Tal vez la mejor manera de distinguir al artista
bueno del mediocre sea percibir cómo se maneja cada uno
con los lugares comunes. Compárese, por ejemplo, un cuento
ya volatilizado de Carlos Fuentes
con otro de Felisberto Hernández.
Ambos lidian con la sociedad de consumo: el mexicano cuenta una
pantagruelada en la que la fascinación por los productos
descartables y el hiperconsumo lleva a las grandes ciudades a
quedar sitiadas desde dentro por montañas de sus propios
desechos. Léase: las ciudades y las sociedades del siglo XX, de más está
decirlo, alienadas por el consumo (si
se quiere ser más específico, Ciudad de México
y su nube tóxica).
Por su parte, al protagonista recurrente de Hernández -el
que deambula por pequeñas ciudades del interior uruguayo-,
por medio de una jeringa, le inoculan una fórmula para
que repita como un loro "Muebles El Canario, Muebles El
Canario".
En el primer caso, una
alegoría que, de tan ostensible, no es más que una
perogrullada; en el segundo, el resplandor del talento. Si Fuentes
-incluso en este siglo XXI- hubiera llegado a la anécdota
que narra Felisberto, la jeringa hubiera implicado recitales de
Coca Cola, nicotinas de Marlboro, manguerazos de Texaco, microchips
de Microsoft, dudosos pollos KFC o la especie más bullanguera
que se le antoje al lector.
En tanto Fuentes relata una hipérbole facilonga de lo que
el bípedo más distraído ya conoce, el talento
de Felisberto consiste, por oposición, en retorcer el clisé
para volverlo alarmante. Que se realice un operativo comando para
secuestrar y torturar a un ciudadano
con el mero fin de que repita semejante banalidad comercial nos
hace reír, por un lado, pero también nos desencaja.
¿Cuál es
la receta para discernir qué es lo que conviene escribir? Probablemente, ninguna. Es regla
del buen arte brindar una percepción
sorprendente (no por eso alambicada;
puede ser, como en el caso de Felisberto, rabiosamente simple).

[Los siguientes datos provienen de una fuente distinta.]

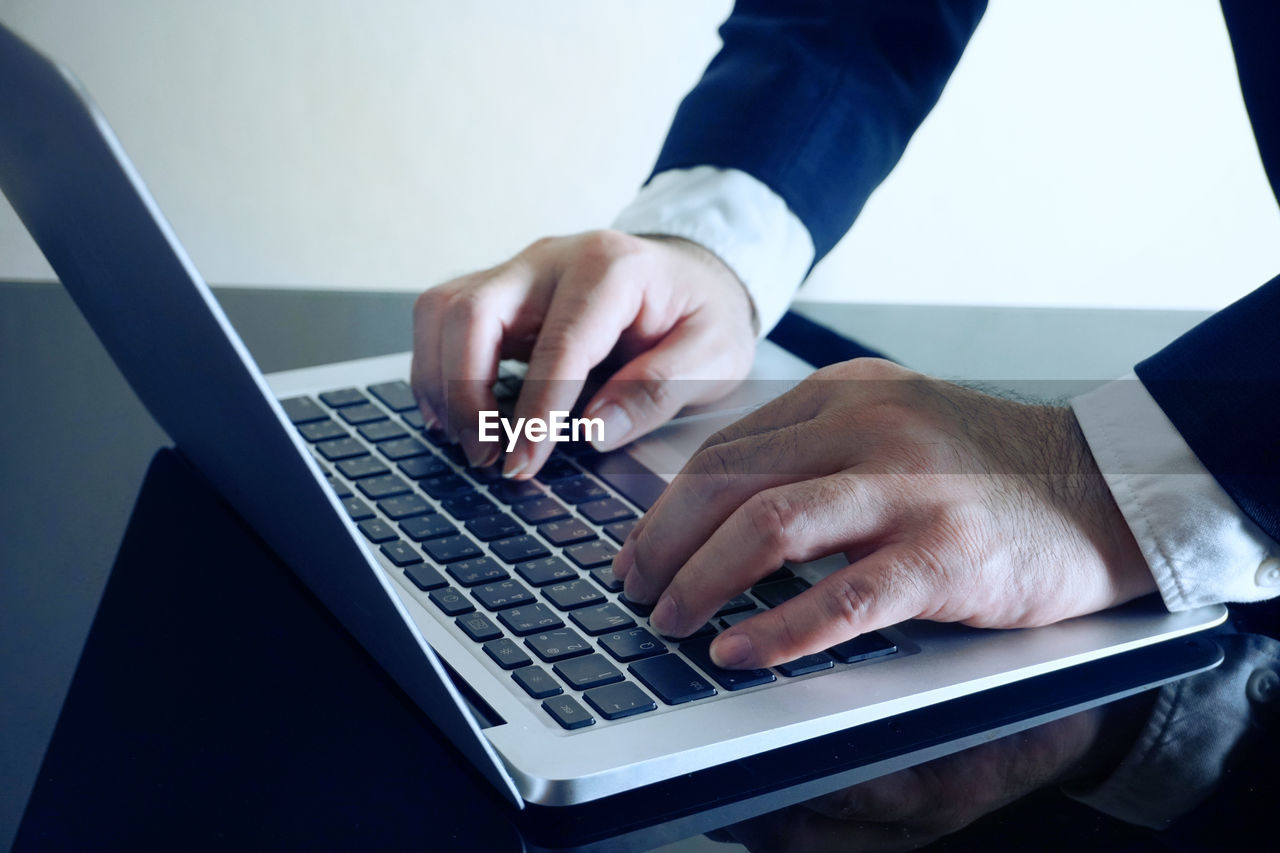 MIDSECTION OF MAN USING MOBILE PHONE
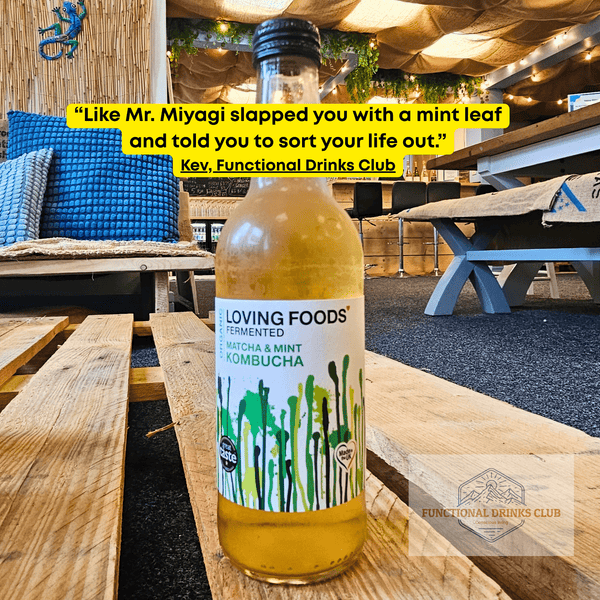 Loving Foods Matcha & Mint raw kombucha on a wooden pallet table in the Otley taproom, with Kev's tasting note: "Like Mr. Miyagi slapped you with a mint leaf and told you to sort your life out."
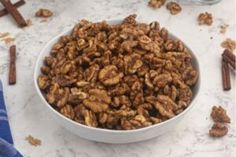 a white bowl filled with nuts on top of a table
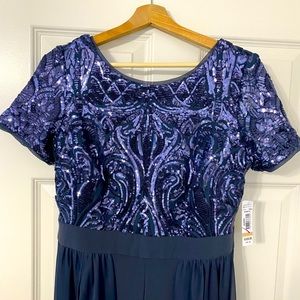 Brand new with tags, size 12. This is a romper dress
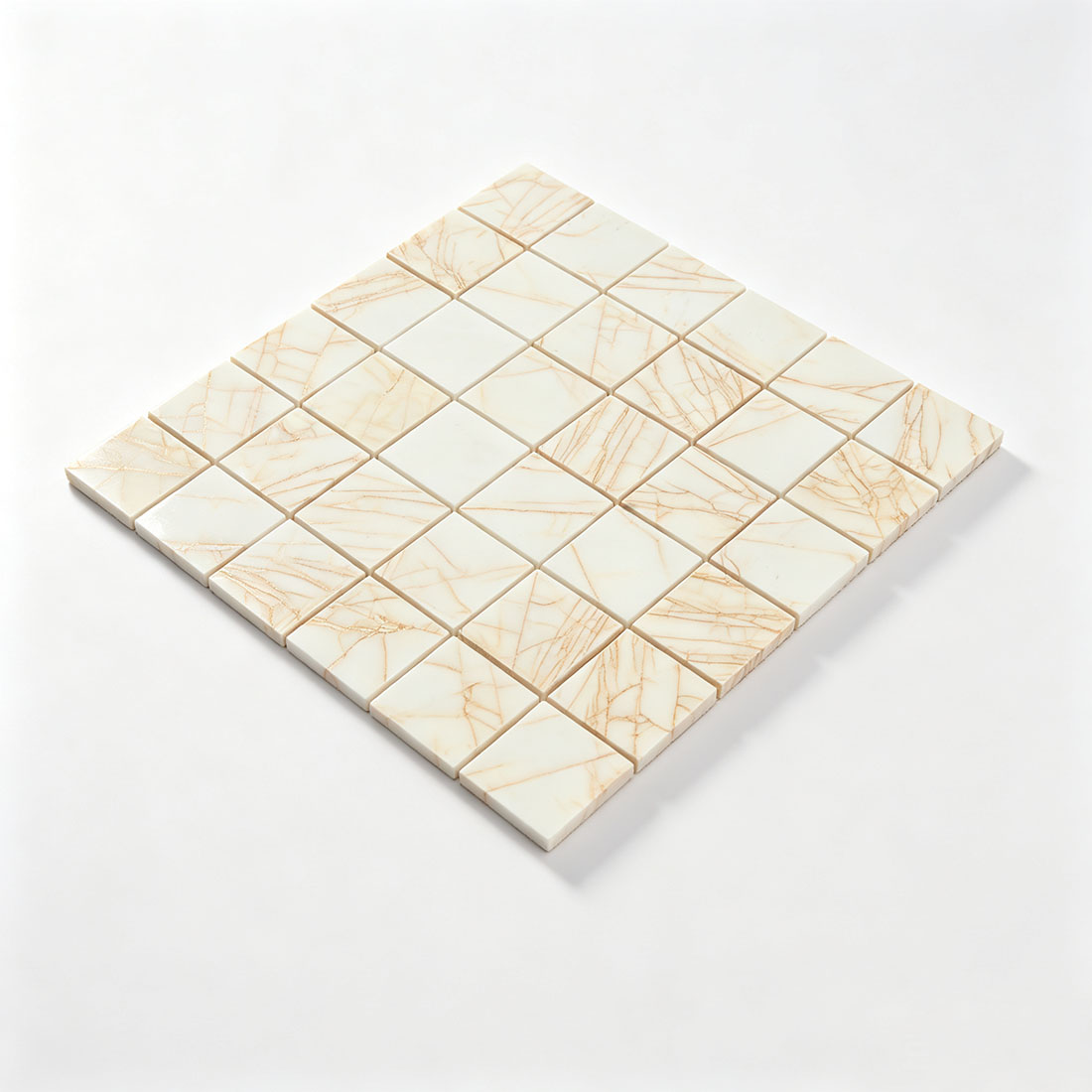 Angled sheet view of warm white square marble mosaic tiles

La otra regla, que nunca conviene olvidar, es que unos nacen con
talento y otros, si son muy esforzados y mañeros -y además
cuentan con muy buena suerte- pueden llegar a engrupir por un
rato.
Para que algunos logren
hacerse pasar por buenos, siendo en rigor limitados, es imprescindible,
de todos modos, la complicidad de muchos. Para explicar esta complicidad,
seguramente lo más cómodo sería repetir el
aserto de Frazer en el prólogo de La rama dorada
acerca de que el 99% de la gente es estúpida -y a partir
de guarismo tan apabullante, se insistiría en el lugar
común de que los grandes artistas
son incomprendidos, etc. etc. Pero probablemente lo más
útil sería consignar que, al vivir en un mundo sociologizado,
solemos enceguecernos por estadísticas, por cortes transversales,
por números como bultos y por cortes, en último
término, muy gruesos.
El artista
suele percibir lo que todavía no es, lo que recién
germina, lo que apenas está proyectando su sombra
pero que ya amenaza
crecer furibundo. En principio no revela la mole; suele dar con
lo que todavía no es más que un matiz, un aspecto
ni siquiera retenible en estadísticas. No se trata de una
mirada microscópica, sino de una capaz de percibir lo oculto,
lo que todavía es casi innombrable.
Por ejemplo, la enciclopedia china inventada por Borges
y festejada por Foucault,
que parecería proceder como la enumeración caótica
en poesía, en su item (m) incluye a esos animales "que
acaban de romper el jarrón".
Un escritor
mediocre hubiera percibido sólo un jarrón roto -lo
mismo, digamos, que consignaría un dependiente de tienda,
o un sociólogo-; uno más avispado hubiera logrado
cargar sobre el pretérito del verbo -lo "roto"-
o incluso con su no-ser-más-jarrón; uno bueno
da con el tris ("acaban"), da con el duende,
justo antes de que el duende termine de esfumarse.